Lesson 3: Interpreting Slope of a Linear Function

What do we need to know in order to determine if the function is linear?

What is the ratio to find rate of change?

What can a linear graph tell you about the relationship that it represents?

Rate of change
Input
Output
Units

F.IF.6 Calculate and interpret the average rate of change of a function (presented symbolically or as a table) over a specified interval. Estimate the rate of change from a graph.

Lesson Description: This lesson focuses on the contextual meaning of the slope $m$ in the linear function $f(x) = mx + b$. Students will learn to translate the numerical value of slope into a descriptive sentence. Key concepts include: Slope as Unit Rate: Understanding that slope represents the change in the dependent variable for every one-unit increase in the independent variable. Identifying Units: Determining the correct units for slope by using the "Units of y per Unit of x" formula (e.g., miles per hour, dollars per gallon, or degrees per minute).Interpreting Sign: Explaining what a positive slope (growth/increase) versus a negative slope (decay/decrease) means within a specific story. Comparing Steepness: Analyzing which of two slopes represents a "faster" rate of change in a practical scenario (e.g., which car is traveling faster or which bank account is growing more quickly).
Purpose
The purpose of Section 9.3 is to develop quantitative literacy. In fields like healthcare, business, and technology, "slope" is rarely called by its mathematical name; instead, it is referred to as "speed," "burn rate," "hourly wage," or "flow rate." By learning to interpret slope, students gain the ability to explain how a system is changing, which is a critical skill for data analysis and professional communication. This section transforms the slope from an abstract fraction into a meaningful measurement.
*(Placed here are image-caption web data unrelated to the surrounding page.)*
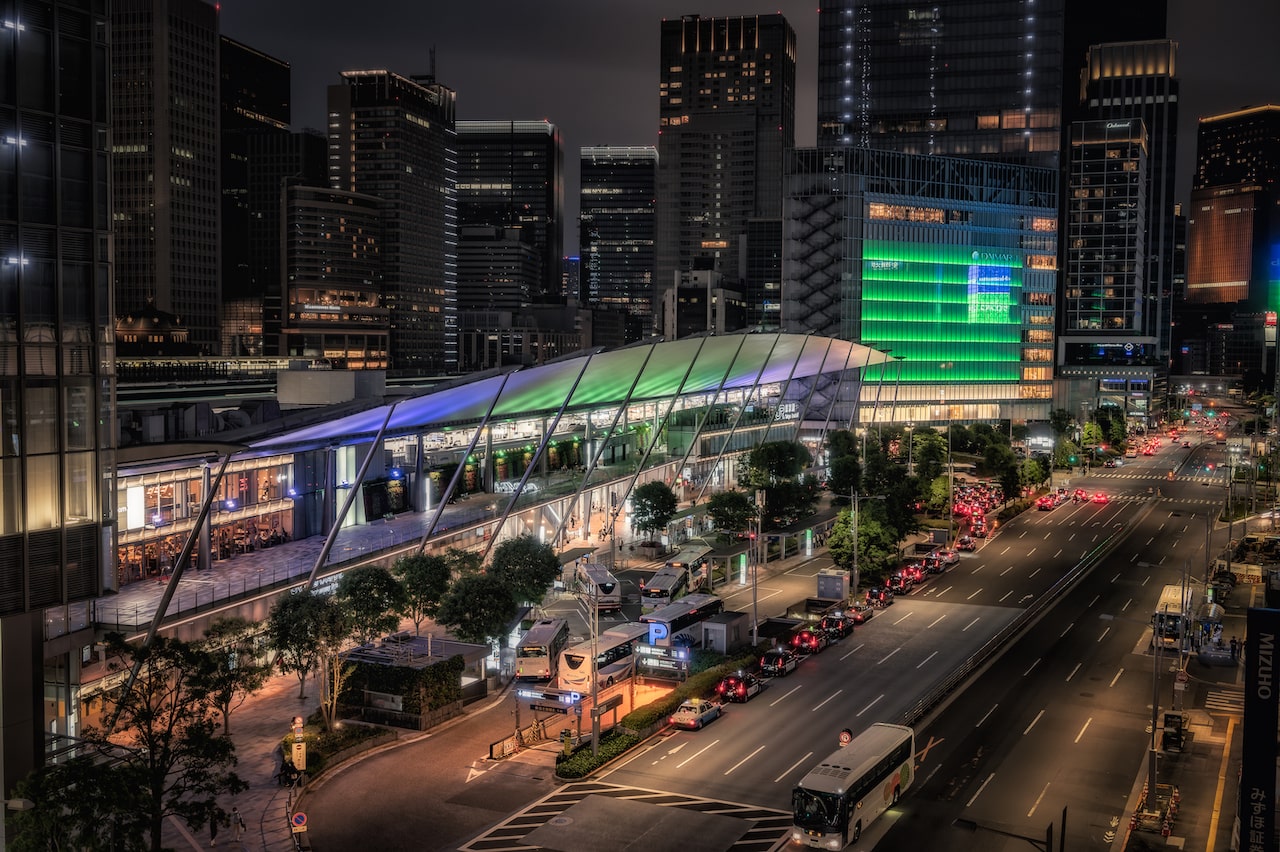 グランルーフ・大丸東京店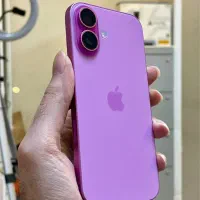 Iphone 16 Normal Pink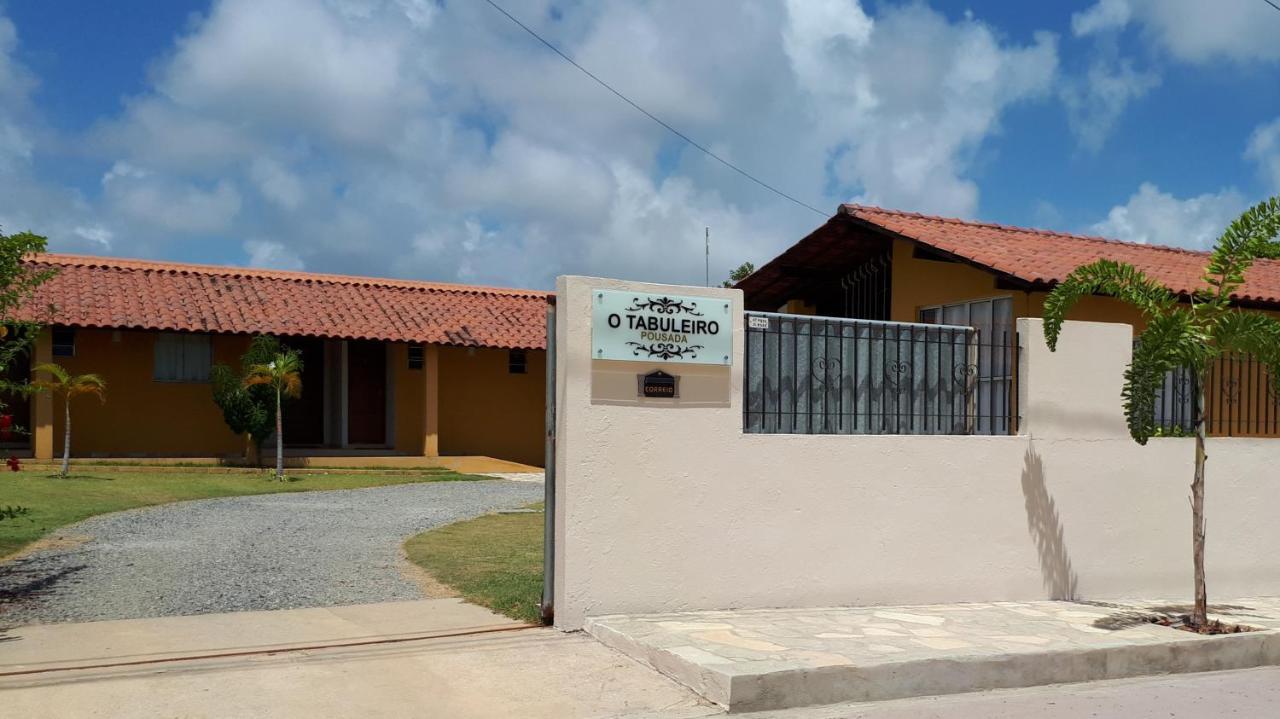 Pousada O Tabuleiro Jacuma  Exterior photo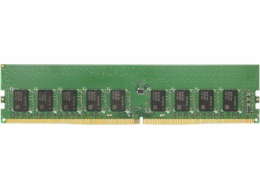 Synology RAM modul 8GB DDR4 ECC unbuffered DIMM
Depth of Knowledge (DOK) Level
DOK Level 2 & 3
Level 2 (Skill/Concept): Students must identify the units of slope from a graph or table and perform basic interpretations (e.g., "The slope is 15, which means the cost increases by 15 for every additional item").
Level 3 (Strategic Thinking): Students must explain the significance of the slope in a complex scenario. They might be asked to predict what happens to the real-world outcome if the slope changes, or to compare two different linear models and explain why one rate of change is more desirable than the other in a given context.

Students often misalign the corresponding output and input values, arriving at the wrong sign for rate of change and slope. Students can inspect the function to see if it is increasing or decreasing to reinforce the correct way to calculate rate of change

Use the context of the problem to highlight the meaning of the intercepts and slope.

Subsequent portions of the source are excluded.